Problem description – Please copy out the full listing that follows exactly; no picture belongs in the copy.

*** Opening of Supplied material ***

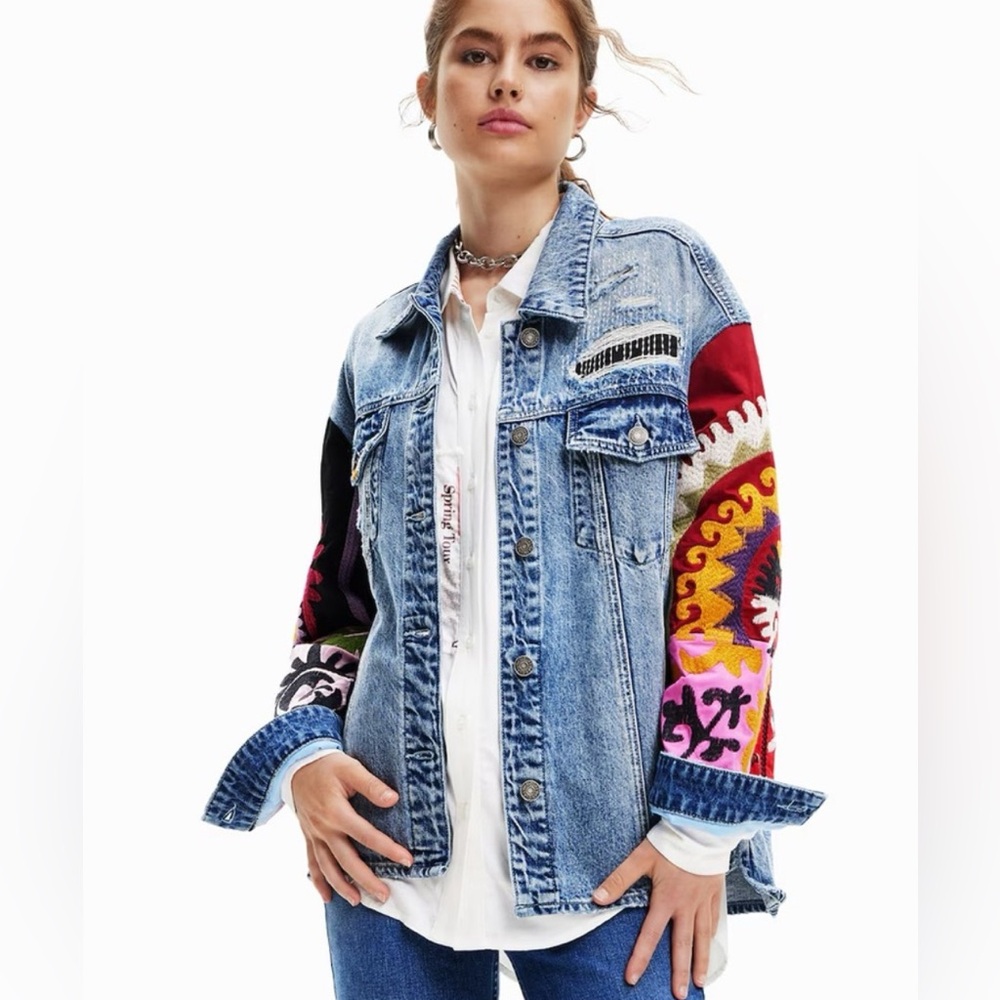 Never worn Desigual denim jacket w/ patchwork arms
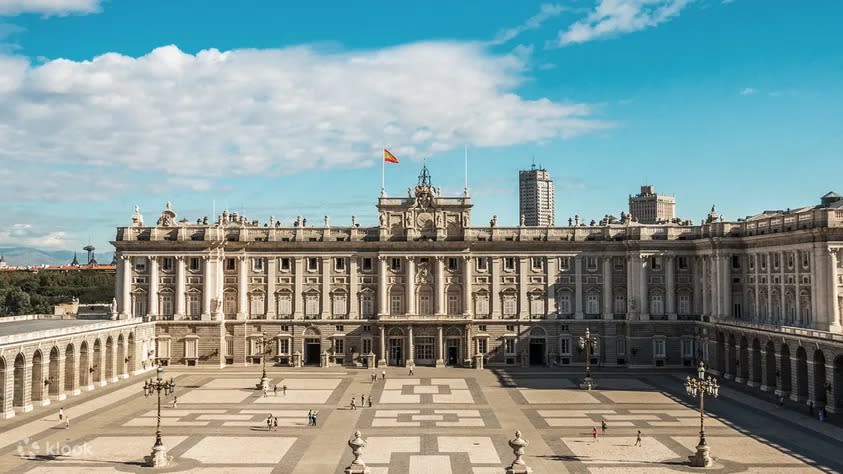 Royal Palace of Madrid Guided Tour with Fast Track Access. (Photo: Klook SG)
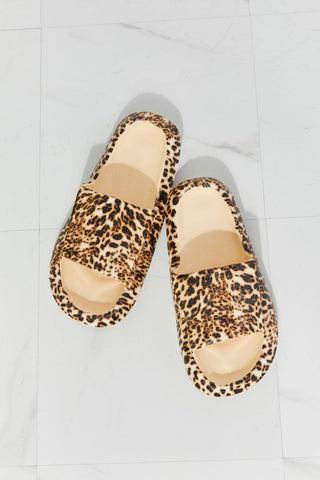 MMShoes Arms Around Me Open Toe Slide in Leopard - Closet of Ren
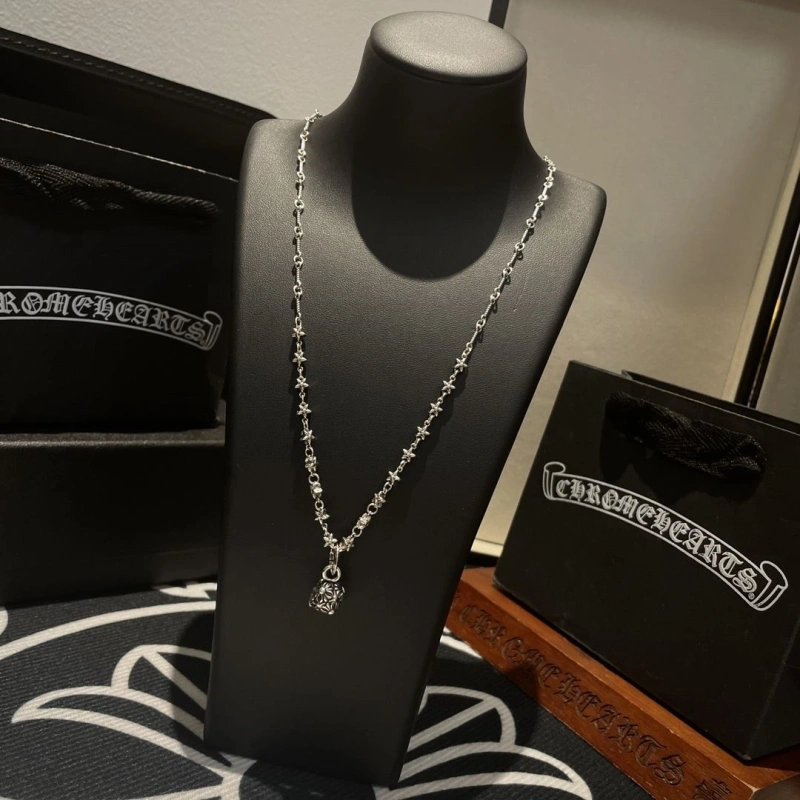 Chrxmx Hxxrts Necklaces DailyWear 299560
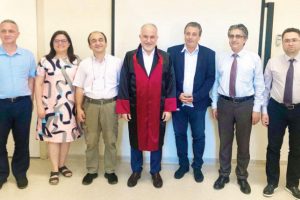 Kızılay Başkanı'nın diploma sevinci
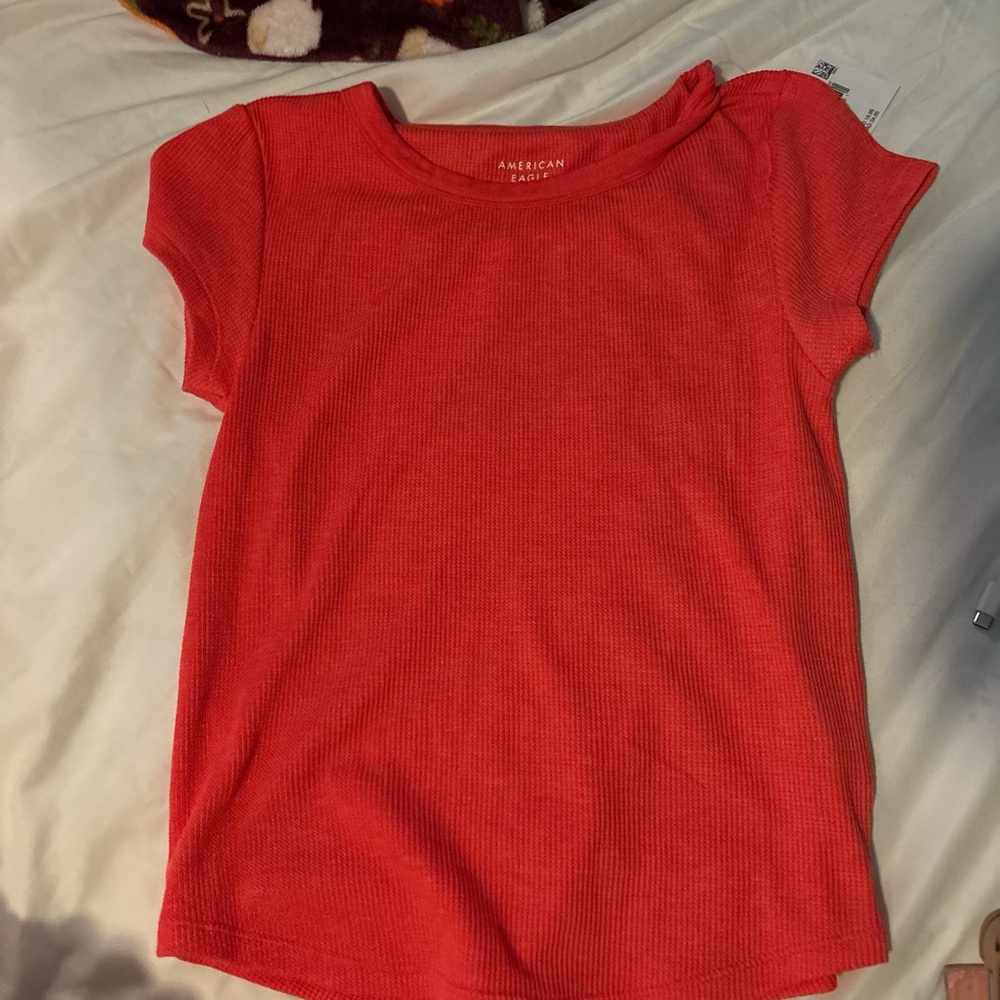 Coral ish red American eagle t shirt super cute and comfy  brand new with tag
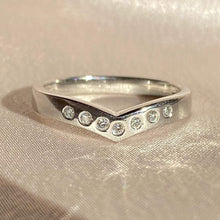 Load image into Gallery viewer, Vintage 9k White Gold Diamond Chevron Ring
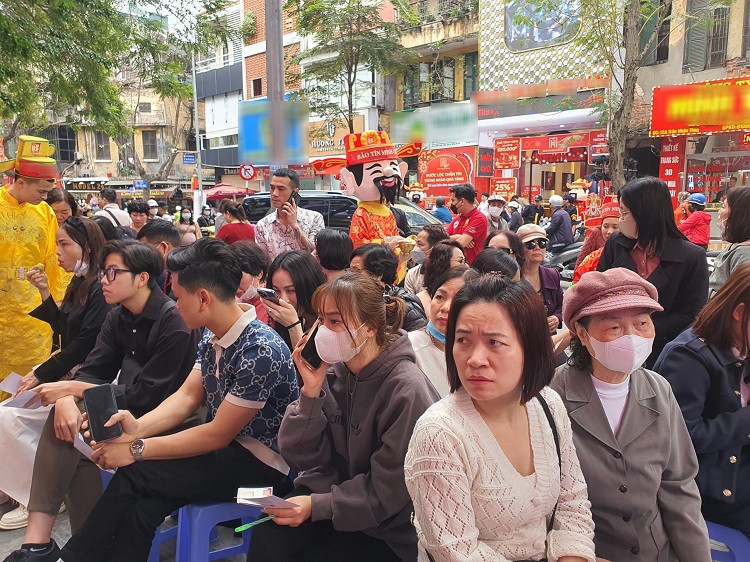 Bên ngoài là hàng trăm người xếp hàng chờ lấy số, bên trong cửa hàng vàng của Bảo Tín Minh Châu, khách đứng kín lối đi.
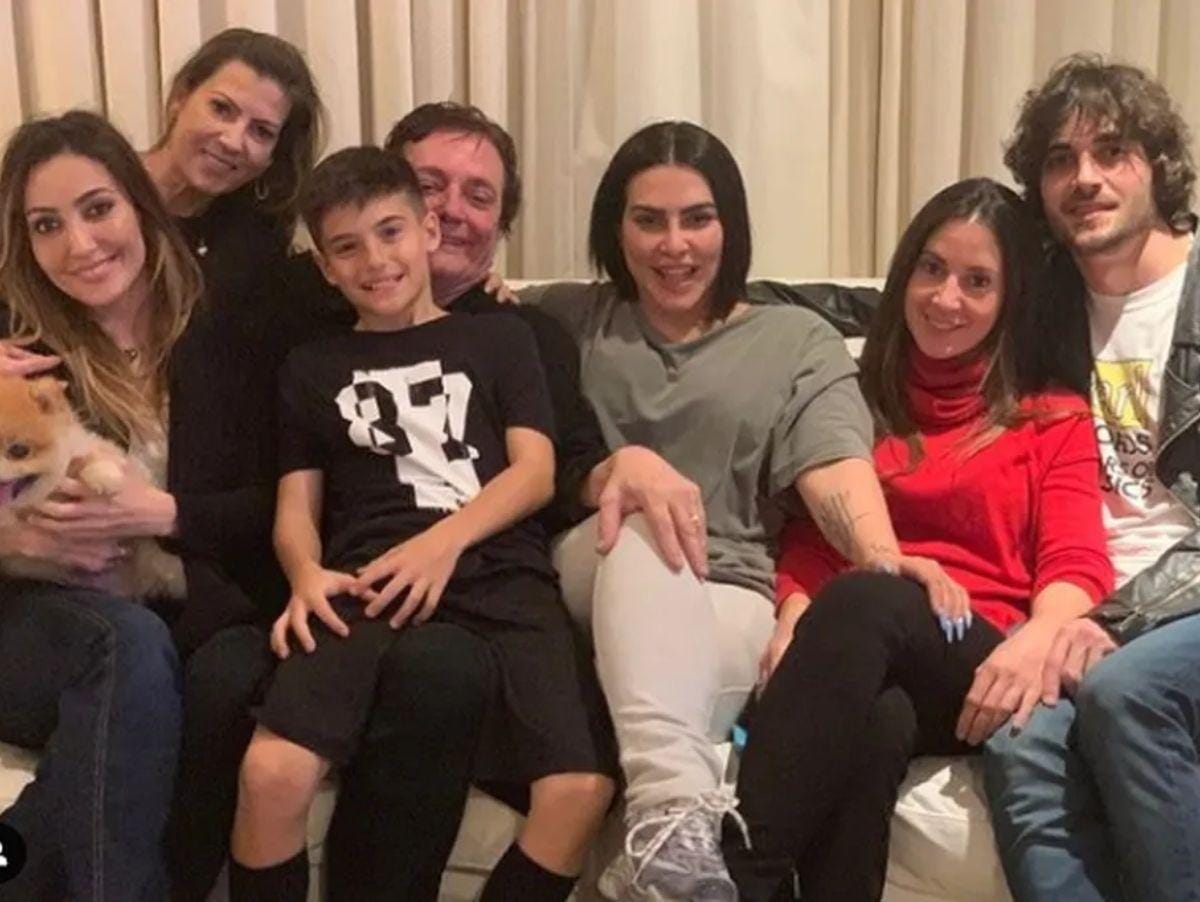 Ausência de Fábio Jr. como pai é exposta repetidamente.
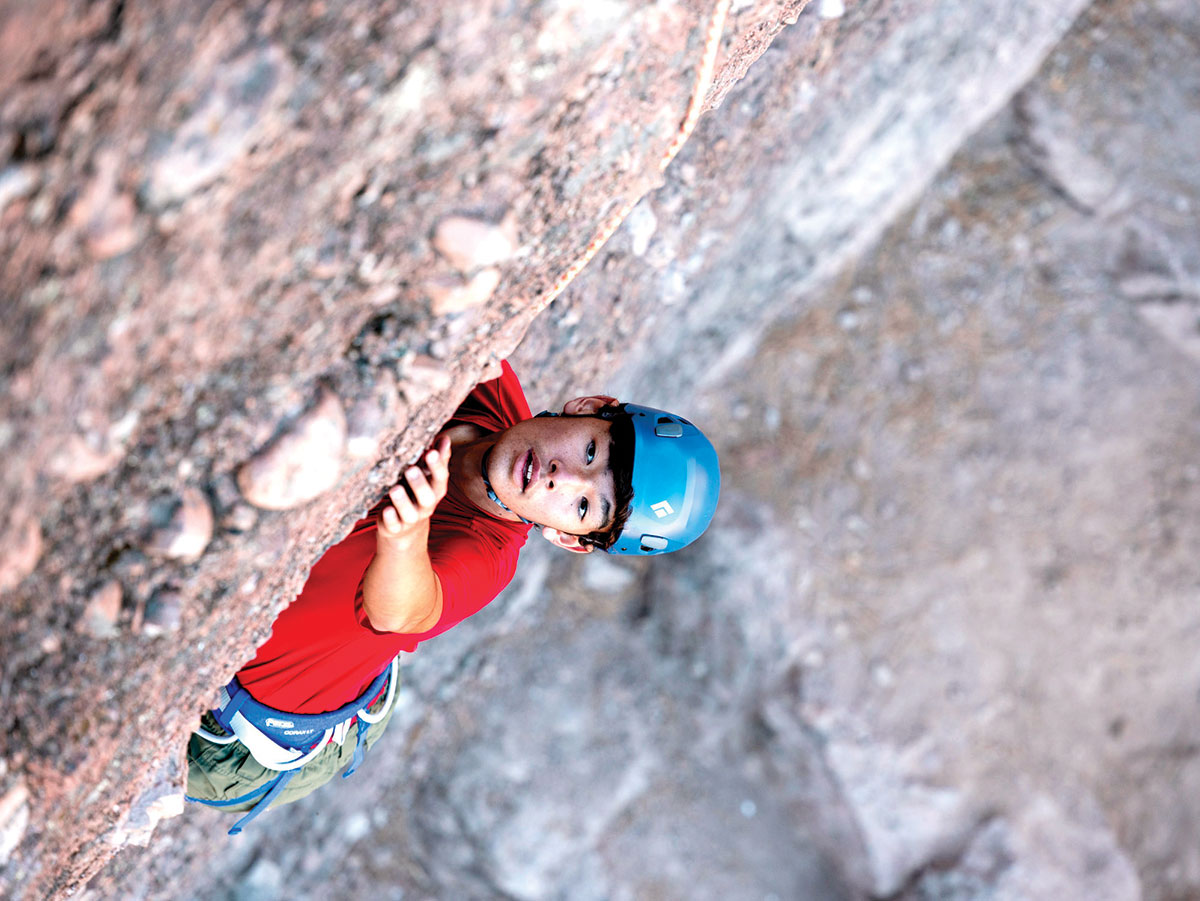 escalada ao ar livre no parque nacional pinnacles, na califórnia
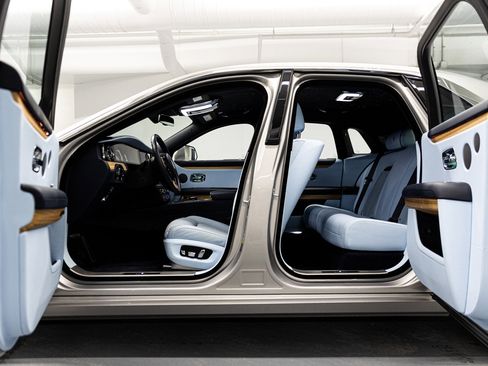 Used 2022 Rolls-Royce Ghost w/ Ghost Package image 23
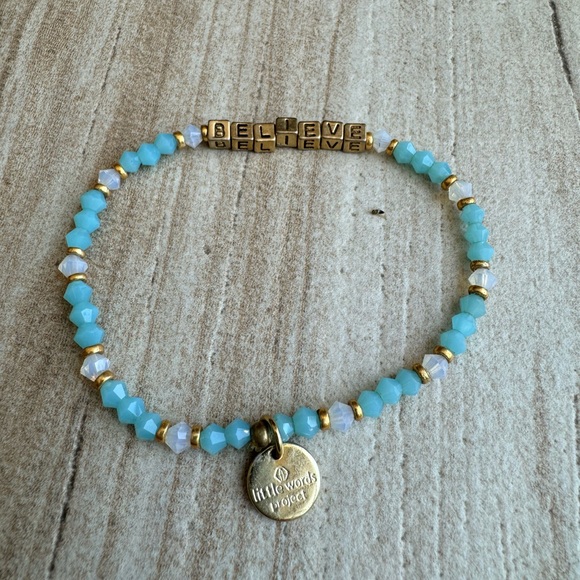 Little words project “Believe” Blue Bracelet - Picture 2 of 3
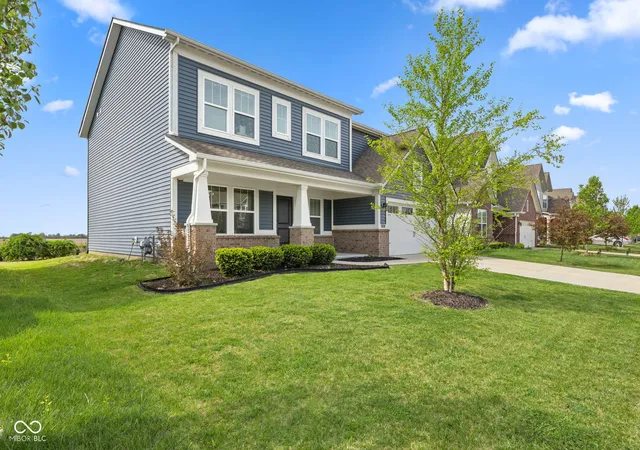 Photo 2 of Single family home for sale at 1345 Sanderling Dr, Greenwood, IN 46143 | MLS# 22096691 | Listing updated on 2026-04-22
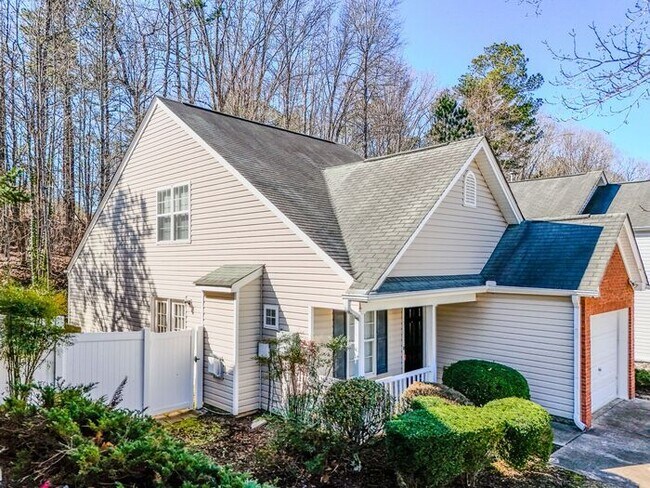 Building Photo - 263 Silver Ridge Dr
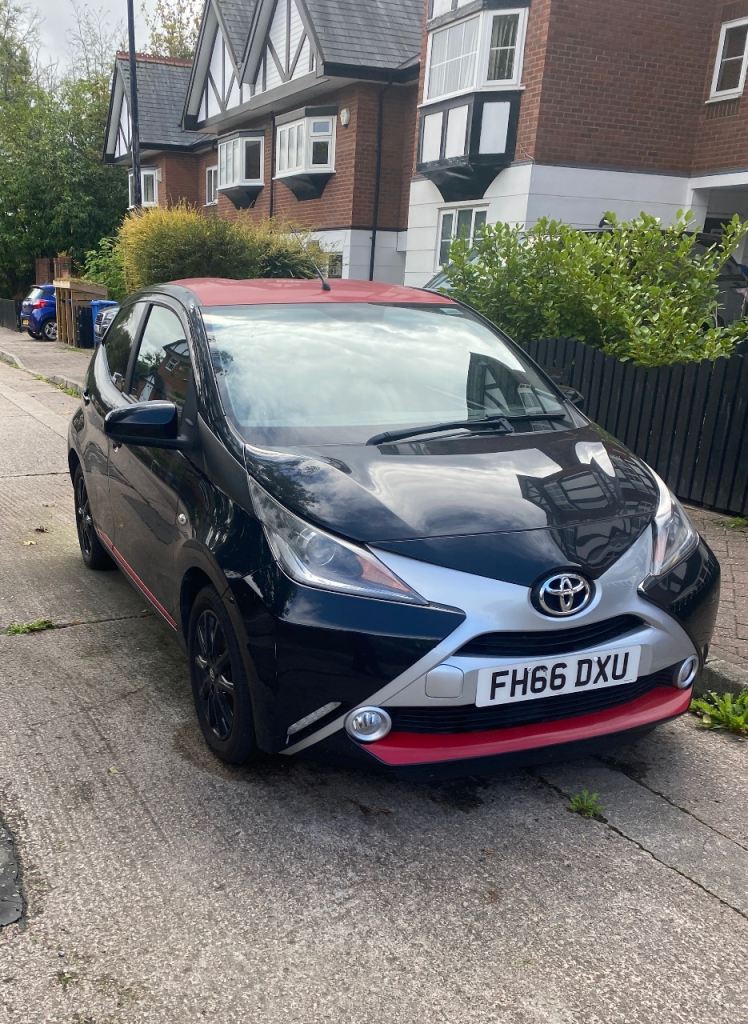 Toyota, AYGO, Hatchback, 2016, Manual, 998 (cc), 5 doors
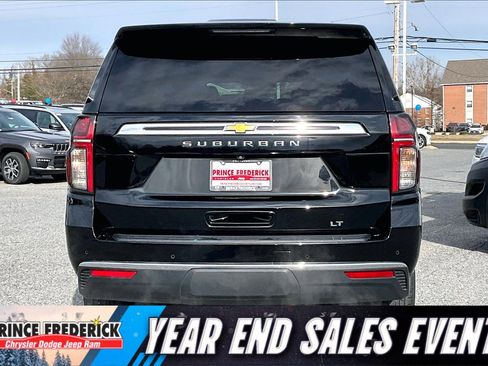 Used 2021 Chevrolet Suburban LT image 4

*** Close of Supplied material ***

Written response –
 Never worn Desigual denim jacket w/ patchwork arms
 Royal Palace of Madrid Guided Tour with Fast Track Access. (Photo: Klook SG)
 MMShoes Arms Around Me Open Toe Slide in Leopard - Closet of Ren
 Chrxmx Hxxrts Necklaces DailyWear 299560
 Kızılay Başkanı'nın diploma sevinci
 Coral ish red American eagle t shirt super cute and comfy  brand new with tag
 Load image into Gallery viewer, Vintage 9k White Gold Diamond Chevron Ring
 Bên ngoài là hàng trăm người xếp hàng chờ lấy số, bên trong cửa hàng vàng của Bảo Tín Minh Châu, khách đứng kín lối đi.
 Ausência de Fábio Jr. como pai é exposta repetidamente.
 escalada ao ar livre no parque nacional pinnacles, na califórnia
 Used 2022 Rolls-Royce Ghost w/ Ghost Package image 23
 Little words project “Believe” Blue Bracelet - Picture 2 of 3
 Photo 2 of Single family home for sale at 1345 Sanderling Dr, Greenwood, IN 46143 | MLS# 22096691 | Listing updated on 2026-04-22
 Building Photo - 263 Silver Ridge Dr
 Toyota, AYGO, Hatchback, 2016, Manual, 998 (cc), 5 doors
 Used 2021 Chevrolet Suburban LT image 4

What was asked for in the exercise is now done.